● **What is expected**:
Transcription, pictures excluded: write out the data below exactly.

● **Data**:
—————
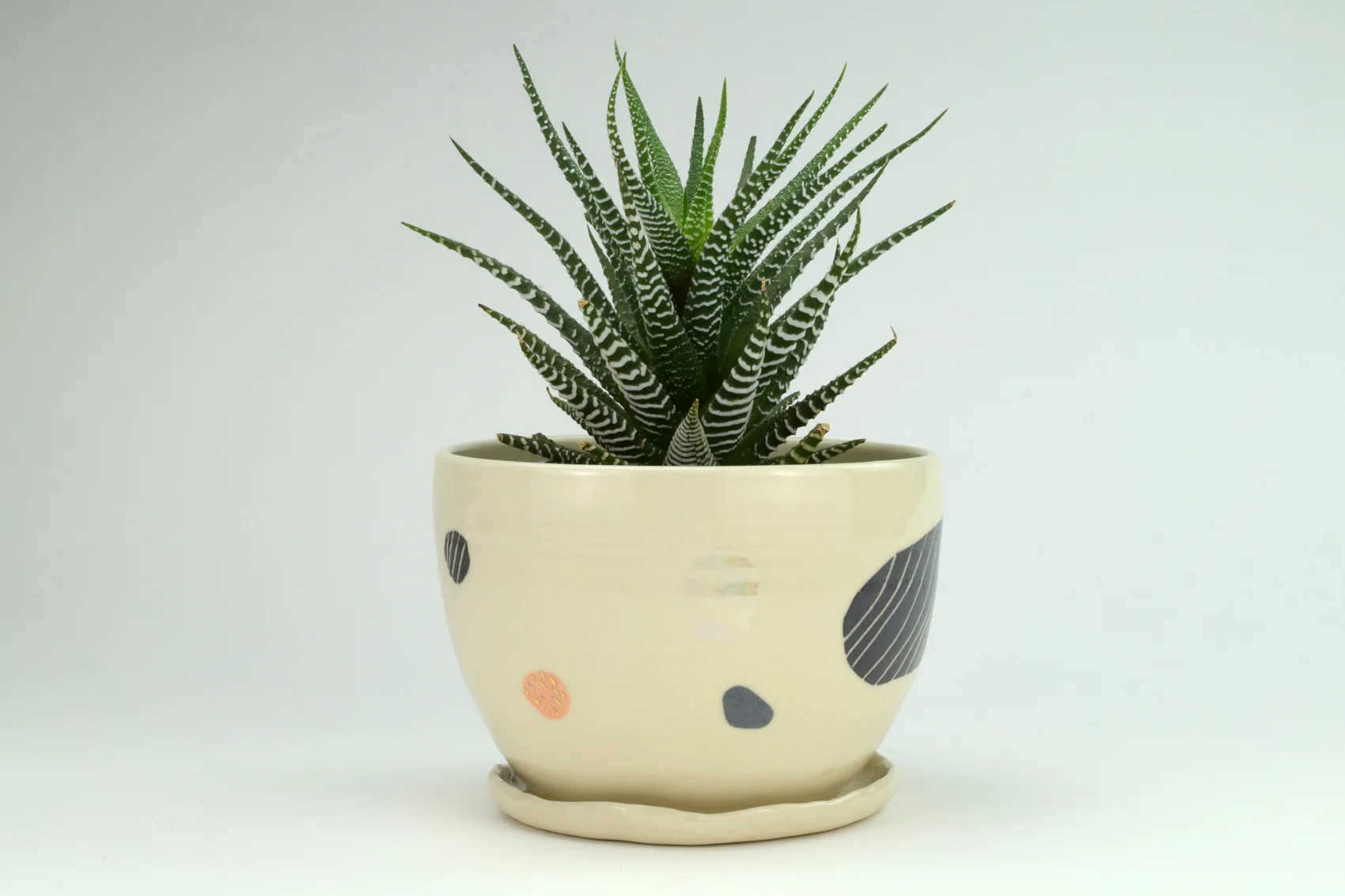 sitting-planter1d.jpg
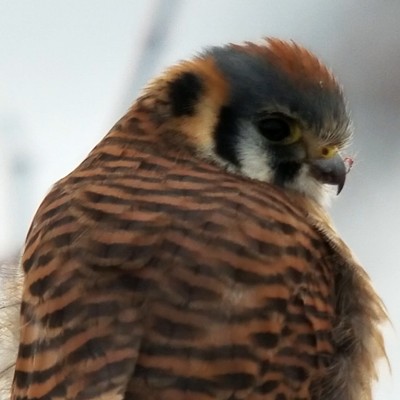 Taken March 2, 2019 by Ken Bonner.   This American Kestrel was hunting at Bryden Canyon in Lewiston and landed on a handrail within fifteen yards of me.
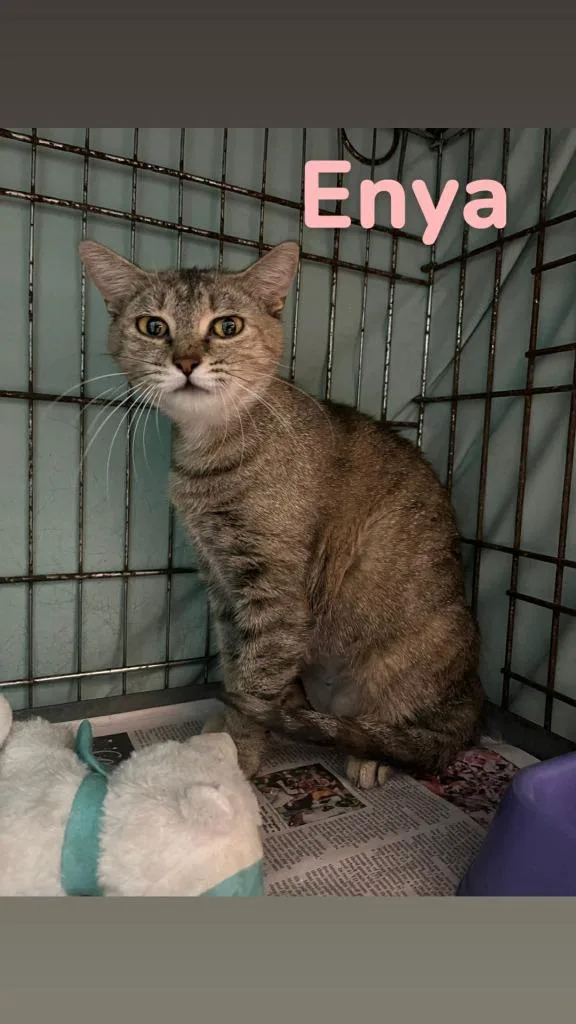 A young medium-sized female Domestic Short Hair cat named Enya for adoption in Kendallville, IN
—————
● **Expected answer**:
 sitting-planter1d.jpg
 Taken March 2, 2019 by Ken Bonner.   This American Kestrel was hunting at Bryden Canyon in Lewiston and landed on a handrail within fifteen yards of me.
 A young medium-sized female Domestic Short Hair cat named Enya for adoption in Kendallville, IN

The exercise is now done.